Thursday, August 19, 2010
The first meeting of the CoLa Reading group was quite fun - thanks to all who could make it! Next time (Sept 2), we'll be looking at the word segmentation paper of Johnson & Goldwater (2009), which can be downloaded from the CoLa Reading Group website schedule page.
Tuesday, August 17, 2010
As many of you know, I'm very sympathetic to this style of modeling where there's an attempt to use learning algorithms that seem like they might be cognitively plausible. So, short version of my thoughts on this: Yay, algorithmic-level modeling (specifically, the algorithmic level of representation of Marr (1982)) that gets some very promising looking results.
More specific things that occurred to me as I was reading:
More specific things that occurred to me as I was reading:
- p.2-3: The authors mention how they're not going to be tackling the segmentation of auditory linguistic stimuli (not unreasonable), but that "any word segmentation model could easily be plugged into a system that recognizes phonemes from speech". It's not so clear to me that the phoneme level of representation is right for modeling initial word segmentation, though it's a reasonable first step. Specifically, given what we know of the time course of acquisition, it seems like native language phoneme identification isn't fully online till about 10-12 months - but initial word segmentation is likely happening around 6 months. Given this, it seems more likely that infants may be working with a representation that's more abstract than the raw auditory signal, but less settled than the adult phonemic representation. For example, perhaps allophones might be perceived as separate sounds by the infant at this point in development. Anyway, this isn't a critique of this model in particular - most word seg models I've seen work with phonemes - but it'd be very interesting to see how any of the prominent word seg models would perform on input that's messier than the phonemic representation commonly used.
- p.9, p.14, p.18: The authors emphasize that their target unit of extraction is the phonological word (and their exposition of different definitions of "word" was quite nice, I thought). Unfortunately, they have the problem of only having orthographic word corpora available. I wonder how hard it would be to convert the existing corpus into a phonological word corpus - they say it's a hard and time-consuming process, but perhaps there are some rewrite rules that could do a reasonable approximation? Or maybe it would be useful to note how many "mis-segmentations" of any model are actually viable phonological word segmentations.
- Looking at figure 1 on p.10, and the exposition about the model: I wonder how the model actually chooses the most probably segmentation from all possible segmentations for an utterance. Initially, this is probably very easy because there's nothing in the lexicon. But once the lexicon is populated, it seems like there could be a lot of possibilities to choose from. Maybe some kind of heuristic choice? This part of learning is what the dynamic programming algorithms do in the Bayesian models of Pearl, Goldwater, & Steyvers (2010).
- p.11 - the second phonotactic constraint: It's probably worth noting that requiring all words to have a syllabic sound means the learner must know beforehand (or somehow be able to derive) what a syllabic sound is. This seems like domain-specific knowledge (i.e., "all sounds with these properties are syllabic", etc.) - is there any way it wouldn't be?
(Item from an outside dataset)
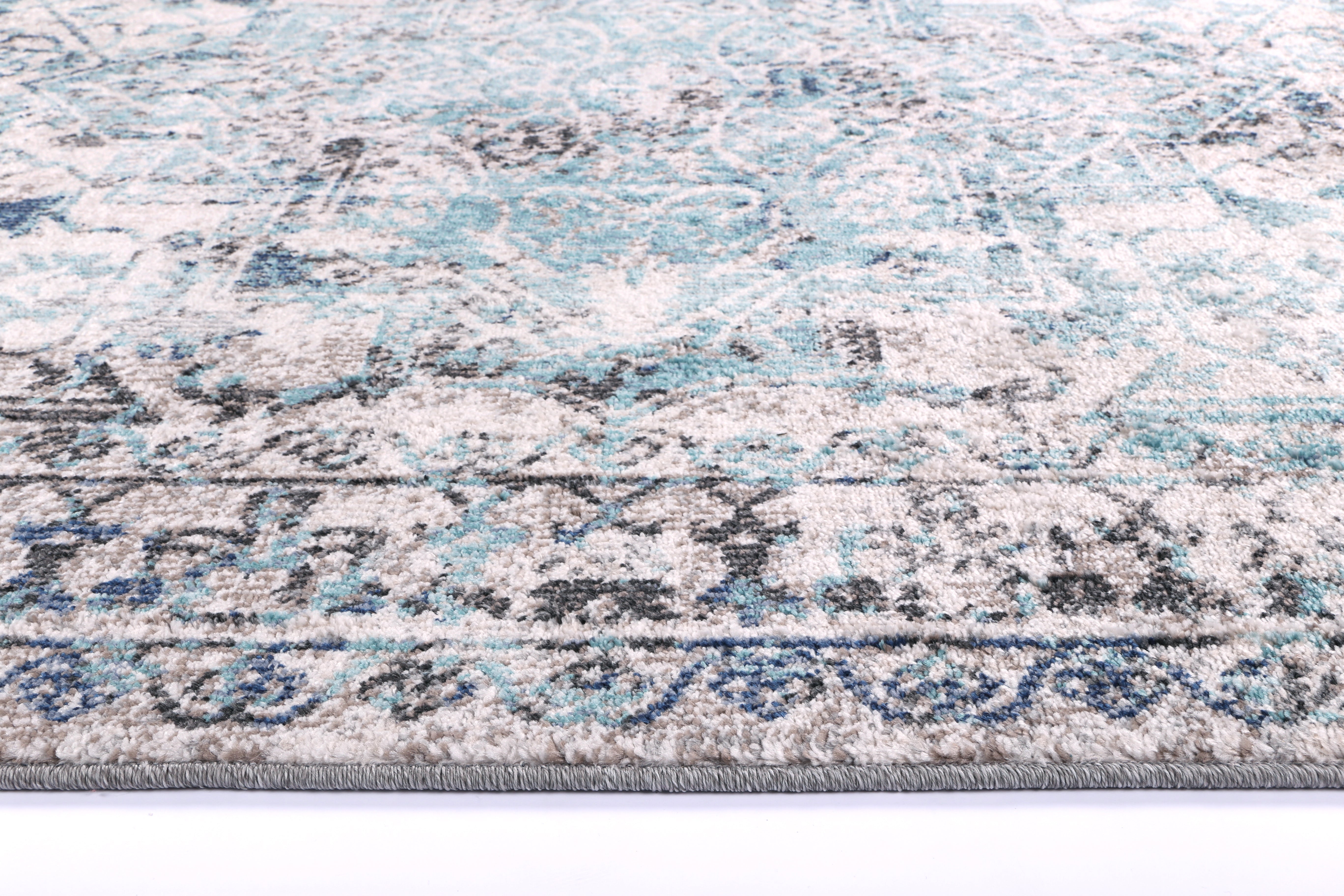 Salsa Adrianita Ivory & Blue Transitional Rug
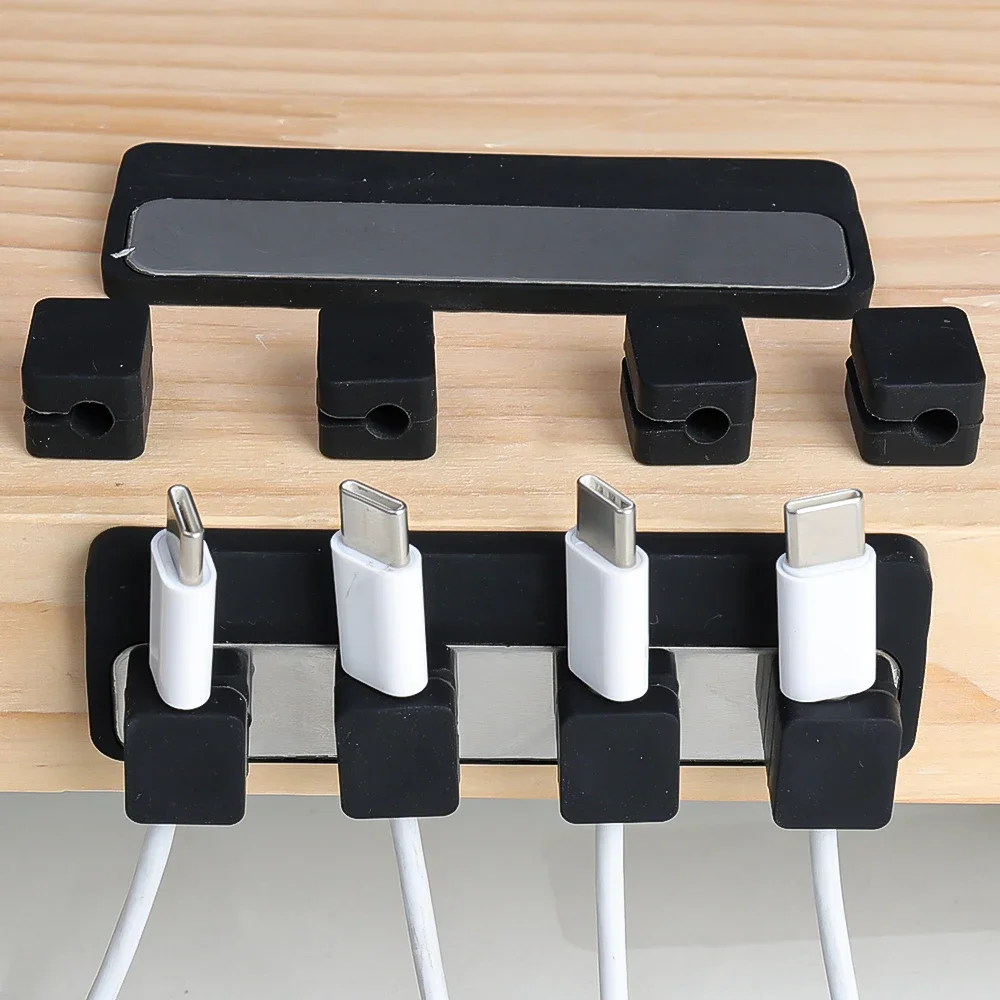 Magnet Desktop Line Clip Cable Winder Magnetic Mouse Wire Organizer Wall Mount Charging Data Cord Arrangement Storage Clip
Supposing this is definitely domain-specific (though language universal) knowledge, how plausible is it that humans have innate knowledge of the necessary properties for syllable-hood? I know there's some evidence that the syllable is a basic unit of infant perception, so this could be very reasonable after all.
- p.17 - testing the "require syllabic" constraint on its own: The authors explain that the reason a learner with only this constraint fails is because longer words receive the same probability as shorter words. Maybe a slightly more informed version of this learner could assign each phoneme a small constant probability (rather than all unfamiliar words getting the same probability) - it seems like this would allow the word length effects to emerge and could lead to better segmentation. Maybe this learner would prefer CV or V words (due to their length + still being syllabic) - which would lead to major undersegmentation. Still, I wonder how bad it would be, since so many English child-directed speech words are monosyllabic anyway.
Wednesday, August 4, 2010
So, it looks like one of the best times to meet this summer would be Thursdays at noon. We'll have our first meeting Aug 19th, in SBSG 2200, starting with Blanchard et al. (2010). Hope to see you there! (And even if not, to see your comments here!)